TC: Cool. What’s also interesting is where you say Bill Monroe's sound is slow paced. But if you listen carefully to what’s going on, they’re going lickity split! One of the things I like about the slow playing that I do is the way that by focusing carefully on the qualities of the pitches and letting the pitches be controlled very carefully — each pitch and every note is made up of hundreds of vibrations, and if those vibrations interact with each other, you get all kinds of movement between the different kinds of vibrations. It’s just like what you get when you see the wheels on a wagon in a movie go backwards, because of the spokes, there’s the movement of the film and the movement of the wheels and when they interact you get these weird effects. Those famous kinds of effects happen in sounds that are carefully controlled if you keep them together, and you get all kinds of mixes. People are familiar with the kind of buzzing you get in your ear if you have two trumpets playing or two sopranos singing together. When you get the notes going just right, they make their very very very fast rhythms happen. There might be no rhythm on the surface, but there’s an inside kind of rhythm, tucked away inside the note, like some kind of missing dimension, like what they talk about with string theory. In those hidden dimension there’s all of the movement and rhythmic activity that’s really wonderful to hear.

CR: The kinds of subtle sounds that you are talking about are very much in line with improvisation and avant-garde music in the South. When people talk about improv they tend to think of skronking, New York kind of chaotic jazz sounds. In the South you have authors like William Faulkner, Walker Pearcy or Erskine Caldwell. There’s a rhythm to it that’s distinctive to the South that’s concerned with subtleties and not just blaring, expressive noises. You also get that indigenous improv with artists like the Shaking Ray Levis, LaDonna Smith, and Davey Williams. It’s music that’s paying attention to the sounds of insects and leaf blowers and humidity.

TC: Henry Flint really wanted to self-identify as a cracker Southerner, or as he would call it, a hillbilly, but he’s nothing like a hillbilly, I must say. But he kept the Southern accent, I suppose. “Improvisation” is a problematic word. Like “minimalism” it sloshes around and dumps here and there. It winds up not meaning too terribly much. I think most people who are considered to be the prime examples of improvisation are people who have a certain number of set licks that they know. Musicians are doing their music. They know things and piece them together on the fly, but the idea that you’re just teetering at the end of the diving board and floating in freefall isn’t very true. Lou Reed did that in a very weird context for me. When I first met him he would free associate rock and roll songs on the fly. He would just start a beat in 4/4 and Lou would sing and the words came with the music, just like that ... Which is why I always thought of Lou as a "rock and roll Animal." It was just in his head and blood, and of course he was bathed in that as well.
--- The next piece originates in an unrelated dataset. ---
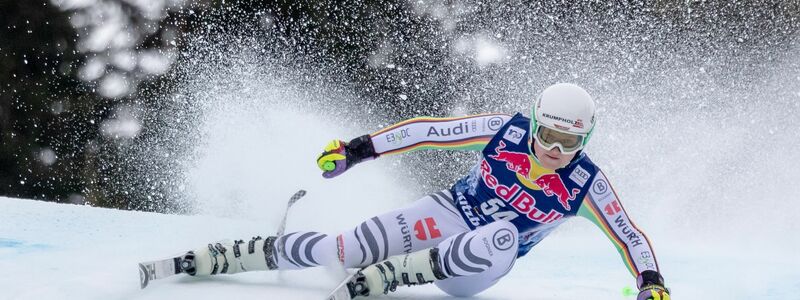 Im Januar 2024 gab Jacob Schramm in Kitzbühel sein Weltcup-Debüt - ein Jahr später verletzt er sich dort schwer. - Foto: Expa/Johann Groder/APA/dpa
CR: After becoming familiar with your recordings and having heard the John Cale CDs that Table of the Elements released, it really puts Lou Reed’s Metal Machine Music in a different context. You see things that grand rock journalists, like Lester Bangs wrote about it, but you never hear anyone talk about what John Cale was doing in the early ‘60s before Metal Machine Music.

TC: Metal Machine Music is a very important record, and that kind of thing was going on back then. John was way out there. And there was a whole scene of improv. going on that is not well remembered, because who could record anything back then? Just people figuring out what they were doing with a new instrument and figuring out what they were doing as they go. I used to think of it more as a documentary, and I used to call it “downtown ethnic music.” To a certain degree it was people taking possession of the composer role of the music and bringing it into themselves — trying to erase the authoritarianism that happens in the world of composers and musicians.